Artık çok büyük bir çoğunluk, yeni iş yapış normali olarak Agile konusunda hemfikir (tarihin bir anında bilgisayar kullanımı konusunda olduğu gibi), aynı şekilde henüz hemfikir olunamayan nokta ise, Agile’ın organizasyona daha geniş yansımasının ne derecede olacağı.
"…bu sonuçları yalnızca buhar motorunu çıkarıp yerine bir elektrik motoru koyarak elde edemezdiniz."
Nasıl sadece buhar motorunu çıkarıp yerine elektrik motoru koymanın kazandırdığı fayda paradoks denilecek kadar sınırlıysa, sadece birkaç takımda eski pratikleri Agile pratikler ile değiştirmek fayda açısından -her ne kadar takım seviyesinde kendi etki alanlarında fayda gösterse de- oldukça sınırlı kalmaktadır.
“…elektrikten fayda sağlaması için farklı bir şekilde düşünmesi gerekiyordu.”
Agile yapmak (doing Agile) ve Agile olmak (being Agile) kavramlarını hatırlarsanız, aslında aynı konuya vurgu yaptığını göreceksiniz. Bir noktadan sonra organizasyonun farklı bir düşünce biçimini benimsemesi, fiziksel, davranışsal ve kültürel değişimlerle pratikleri desteklemesi gerekiyor ki, gözle görülür faydalar ortaya çıkabilsin.
“Önemli olan şirketlerin yeni bilgisayarları kurarken onların potansiyellerinden faydalanmak için yeniden organize olmaya istekli olup olmadıklarıydı.”
Sonuçta hepimiz hayatımızda bazı şeylerin bizim için daha iyi olabileceğini öngörüyoruz ya da biliyoruz ya da başkalarından görüyoruz. Asıl nokta sanırım burası: iyi de o şeyi yapmaya istekli miyiz? Burası, istermiş gibi yapmakla gerçekten istemek arasındaki farkın ortaya çıktığı alan.
Özetle, görüyoruz ki halen biz elektrik motorunun 1900’lerini yaşıyoruz. 1920’lere gelebilmek için daha yolumuz var. Şu an için sanırım ben de “Agile çağını her yerde görebiliriz ancak bazı istatistikler hariç.” dersem, belki seneye Nobel ödülünü bana verirler :). Eğer bu paradoksu aşmak istiyorsak, bu da, Brynjolfsson ve Hitt’in belirttiği gibi, bazı şeyleri daha farklı düşünmeye ve ele almaya istekli olup olmadığımıza bağlı.

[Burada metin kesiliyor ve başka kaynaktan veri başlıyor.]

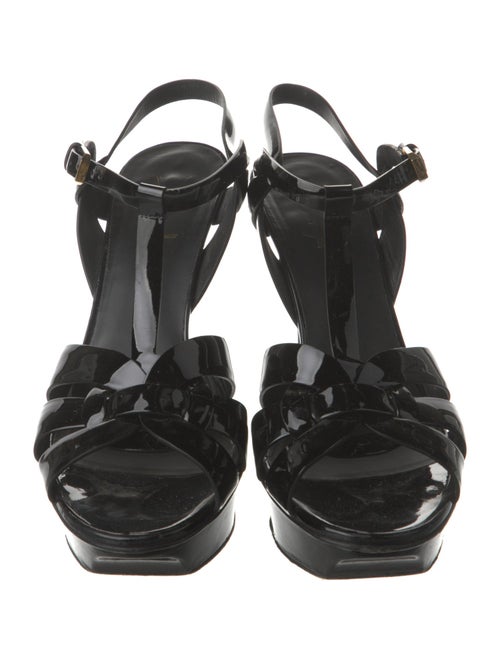 Saint Laurent Patent Leather T-Strap Sandals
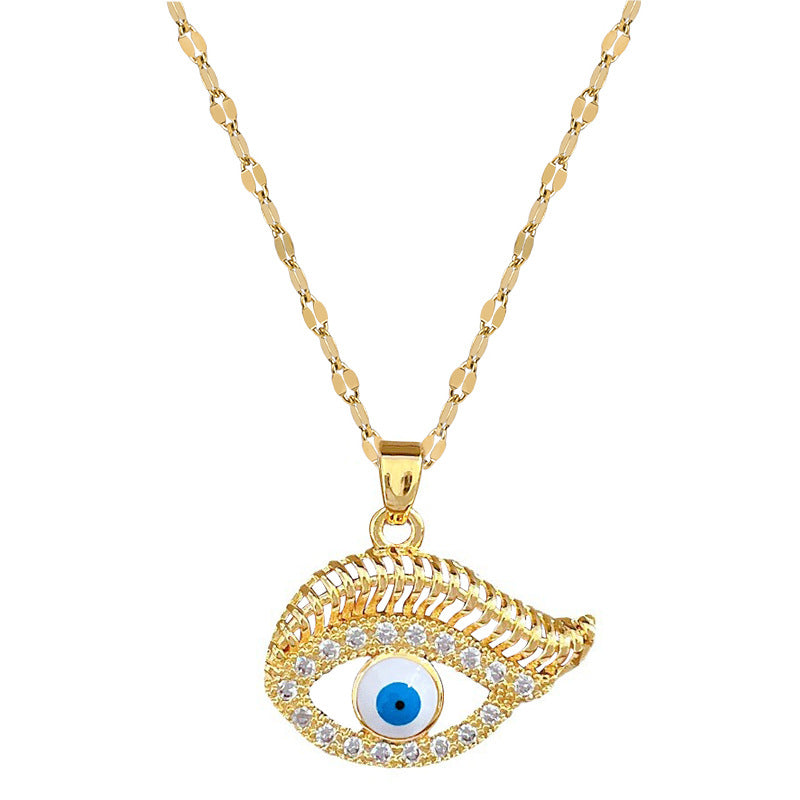 Luxury Geometric Rhinestone-Encrusted Titanium Steel Necklace for Women with Delicate Moon Motif and Adjustable Chain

Bu hikayede değinilmesi gereken önemli bir nokta daha var: hem elektrik motoru hem de bilgisayar çağında, organizasyonlarda değişimin akşamdan sabaha olmadığı. Agile dönüşümlerin de geçmişte yaşananlar gibi zaman alacak bir evrimsel yolculuk olduğunu görmek gerekir. (Bu konu başka bir yazının konusu olabilecek kadar uzun olabilir, bir sonrakine kalsın…)
Not: Umarım okumayı bitirdiğinizde, başlıktan etkilenip yazıyı Agile ve üretkenlik kalıbına indirgememişsinizdir. Eğer öyleyse lütfen bir kez daha okuyunuz. Vermek istediği bakış açısı daha da geniş.